Quel impact de l'accord UE Mercosur sur les prix du bœuf en Europe ?
Pour l’expert argentin Víctor Tonelli, « ce nouveau contingent promis porte en fait sur 70 000 t de viande car il est exprimé en équivalent carcasse. C’est dérisoire ! Même ajouté au contingent Hilton de 58 000 t, cela ferait une goutte de 0,026% dans la mer de consommation de bœuf européenne de quelque 9 millions de tonnes », dit-il.
« Cela ferait une goutte de 0,026% dans la mer de consommation de bœuf européenne de quelque 9 millions de tonnes »
La répartition volumétrique au sein du Mercosur d’un tel quota n’a pas encore été établie. « Elle le serait de façon équitable quoique le Brésil, de par la taille de son cheptel de 240 millions de bovins, pourrait réclamer une part plus importante.

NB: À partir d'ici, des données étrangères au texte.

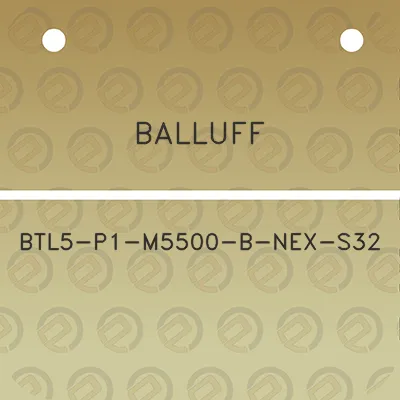 balluff-btl5-p1-m5500-b-nex-s32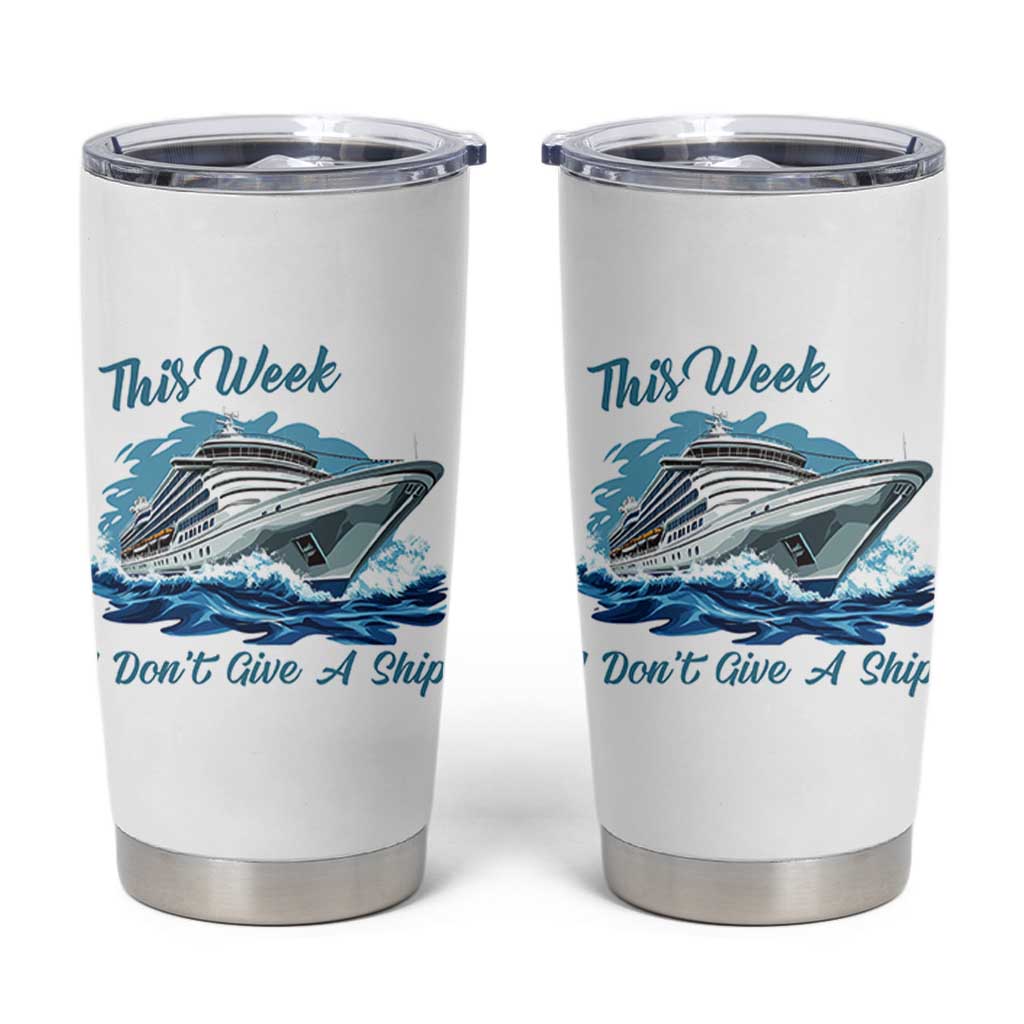 Funny Cruise Vacation Tumbler Cup This Week I Do Not Give A Ship - Wonder Print Shop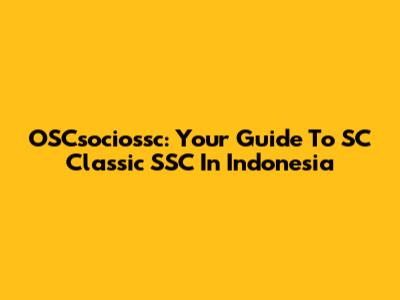 OSCsociossc: Your Guide To SC Classic SSC In Indonesia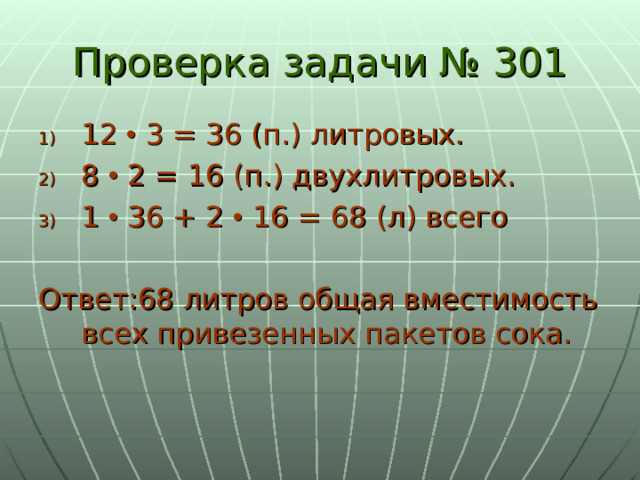 Проверка задачи № 301 12  3 = 36 (п.) литровых. 8  2 = 16 (п.) двухлитровых. 1  36 + 2  16 = 68 (л) всего Ответ:68 литров общая вместимость всех привезенных пакетов сока. 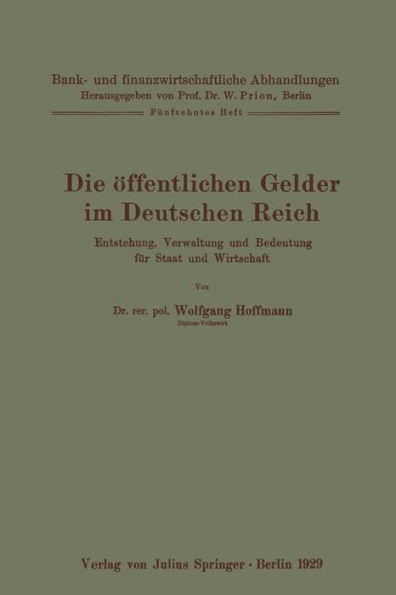 Die ï¿½ffentlichen Gelder im Deutschen Reich: Entstehung, Verwaltung und Bedeutung fï¿½r Staat und Wirtschaft Fï¿½nfzehntes Heft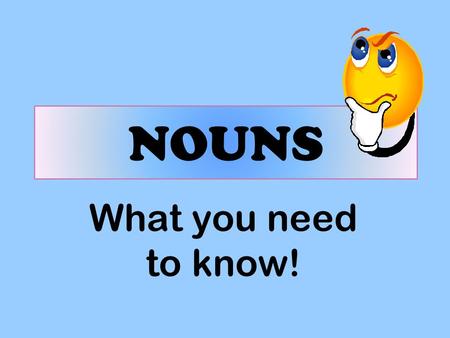 NOUNS What you need to know!. A NOUN IS A NAMING WORD cat car house.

Une distribution calquée sur celle du contingent Hilton, hyper favorable à l’Argentine, est improbable », reconnaît-il.
L'Argentine défend son système d'élevage bovin
Raúl Rocatagliatta, le chargé des négociations internationales de la Société rurale argentine (SRA), syndicat des grands éleveurs, assure que : « Le bœuf argentin ne va pas inonder le marché européen ! Les contingents et les clauses de sauvegarde prévus pour le bœuf font figure d’exception à côté des 99% des biens et services compris dans cet accord qui recouvre 25% du PIB mondial ». Il continue, « certains, en Europe, critiquent nos systèmes de production de bœuf alors qu’ils sont herbagers et qu’on peut sans problème exporter du bœuf certifié hors zone de déboisement. Ils redoutent notre concurrence alors qu’ils en sont hyper protégés », affirme-t-il.
« certains, en Europe, critiquent nos systèmes de production de bœuf alors qu’ils sont herbagers »
« Hors quota, le tarif douanier appliqué au bœuf argentin importé en Europe est de 3,12€/kg + 12% de la valeur CIF (rendu au port d’importation). C’est presque 50% de la valeur de la marchandise. La barrière douanière est énorme. Dissuasive », renchérit Víctor Tonelli.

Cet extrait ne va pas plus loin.